In this project, we want to define and train a DCGAN on a dataset of faces. Our goal is to get a generator network to generate new images of faces that look as realistic as possible!
We'll be using the CelebFaces Attributes Dataset (CelebA) to train our adversarial networks.
Since the project's main focus is on building the GANs, we've done some of the pre-processing for you. Each of the CelebA images has been cropped to remove parts of the image that don't include a face, then resized down to 64x64x3 NumPy images. Some sample data is show below.

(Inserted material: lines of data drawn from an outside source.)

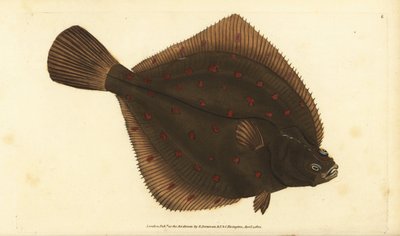 pleuronectes الأوروبية بلاتيسا. لوح نحاسي ملون يدويًا رسمه ونقشه إدوارد دونوفان من كتابه "التاريخ الطبيعي للأسماك البريطانية" ، دونوفان وإف سي و ج. بواسطة إدوارد دونوفان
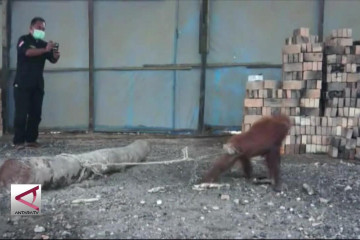 Anak orangutan diselamatkan dari kejaran anjing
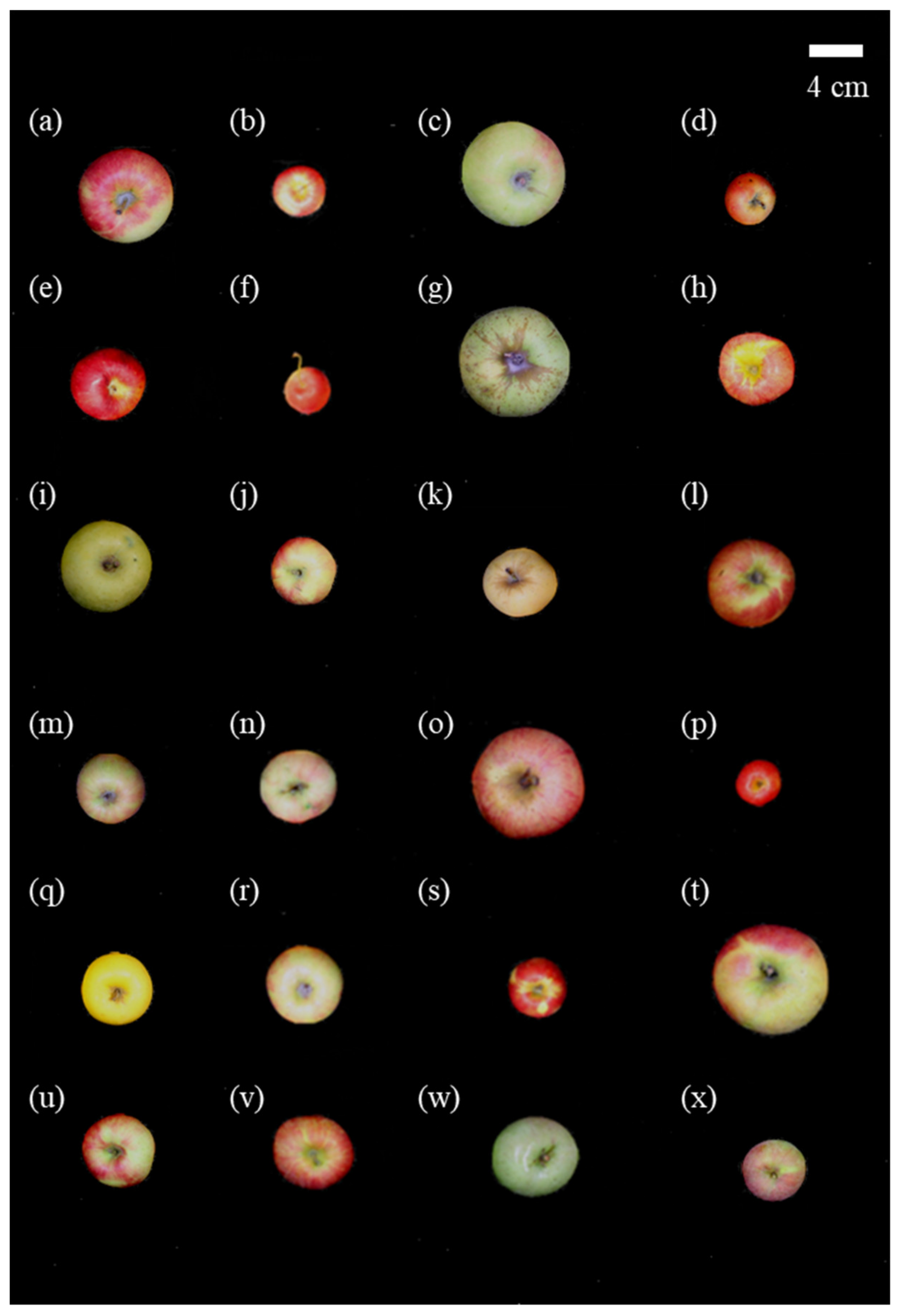 Antioxidants 09 00443 g001 Antioxidants 09 00443 g001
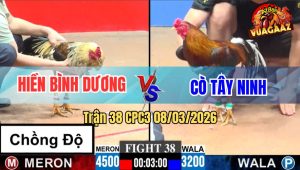 Trận 38 CPC3 07/03/2026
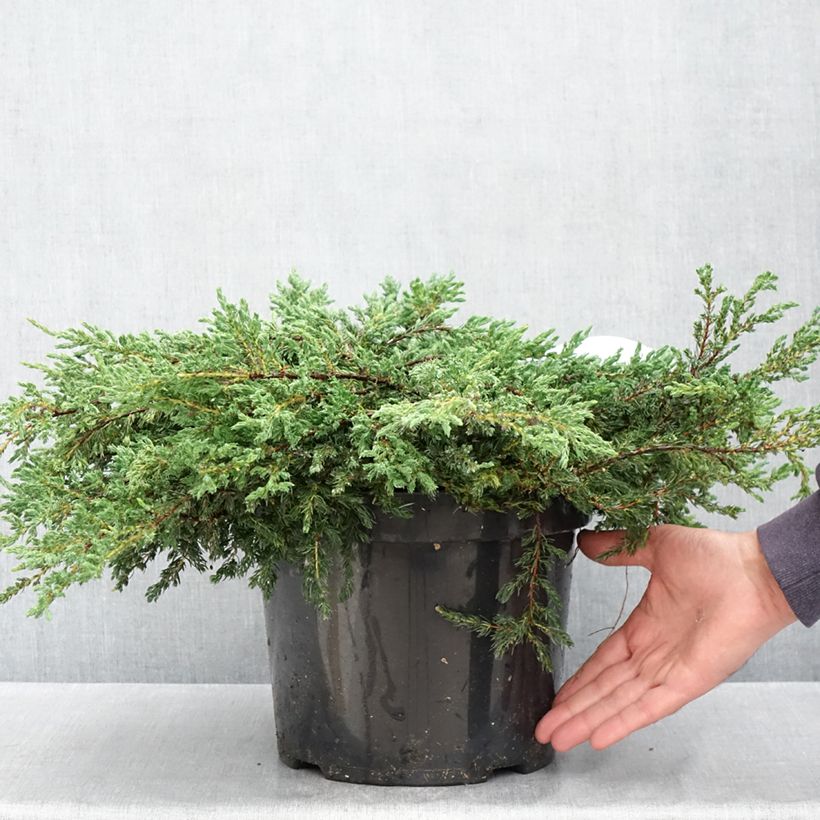 Juniperus communis Repanda - Enebro común Maceta 7,5L/10LAltura de entrega aprox. 40/50cm Ejemplar entregado en la primavera
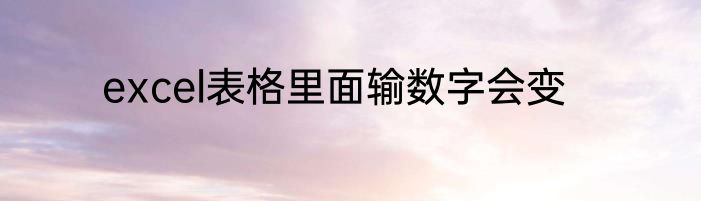 excel表格里面输数字会变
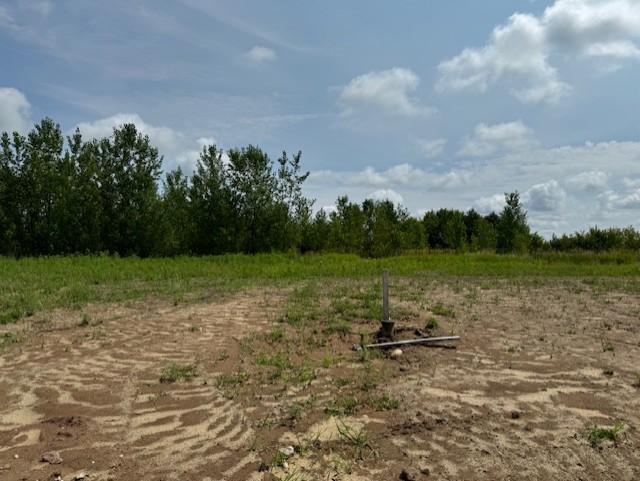 View of Land at TBD Dickens, Rush City MN 55069, Rush City (10 of 13) - Mike Wilen | Minnesota Team Real Estate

Here is the defined model including discriminator and generator.
Discriminator(
(conv1): Sequential(
(0): Conv2d(3, 32, kernel_size=(4, 4), stride=(2, 2), padding=(1, 1), bias=False)
)
(conv2): Sequential(
(0): Conv2d(32, 64, kernel_size=(4, 4), stride=(2, 2), padding=(1, 1), bias=False)
(1): BatchNorm2d(64, eps=1e-05, momentum=0.1, affine=True, track_running_stats=True)
)
(conv3): Sequential(
(0): Conv2d(64, 128, kernel_size=(4, 4), stride=(2, 2), padding=(1, 1), bias=False)
(1): BatchNorm2d(128, eps=1e-05, momentum=0.1, affine=True, track_running_stats=True)
)
(fc): Linear(in_features=2048, out_features=1, bias=True)
)
Generator(
(fc): Linear(in_features=100, out_features=2048, bias=True)
(t_conv1): Sequential(
(0): ConvTranspose2d(128, 64, kernel_size=(4, 4), stride=(2, 2), padding=(1, 1), bias=False)
(1): BatchNorm2d(64, eps=1e-05, momentum=0.1, affine=True, track_running_stats=True)
)
(t_conv2): Sequential(
(0): ConvTranspose2d(64, 32, kernel_size=(4, 4), stride=(2, 2), padding=(1, 1), bias=False)
(1): BatchNorm2d(32, eps=1e-05, momentum=0.1, affine=True, track_running_stats=True)
)
(t_conv3): Sequential(
(0): ConvTranspose2d(32, 3, kernel_size=(4, 4), stride=(2, 2), padding=(1, 1), bias=False)
)
)
What I notice:
- Most of the generated sample faces are white, and that is due to the dataset is biased
- The generated samples are quite good
- The dataset itself doesn't show the chin part of the face, and it leads to the same issue of our generated samples don't have chin as well.
- The model size are good enough to learn MOST OF the face features such as nose, eyes, hair color, skin color, lips, eyebrow, mustache and so on.
What I can improve this model:
- I wouldl ike to play around with other batch_size, number of epoches in order to find a better and efficient hyperparameters.
- To use in production, I might want to make the model deeper to make sure that it can learn more face features, and can generate more variety of samples.
- Create a deeper model and use it to generate larger (say 128x128) images of faces.
- Read existing literature to see if you can use padding and normalization techniques to generate higher-resolution images.
- Implement a learning rate that evolves over time as they did in this CycleGAN Github repo.
- See if you can extend this model and use a CycleGAN to learn to swap different kinds of faces. For example, learn a mapping between faces that have and do not have eye/lip makeup, as they did in this paper.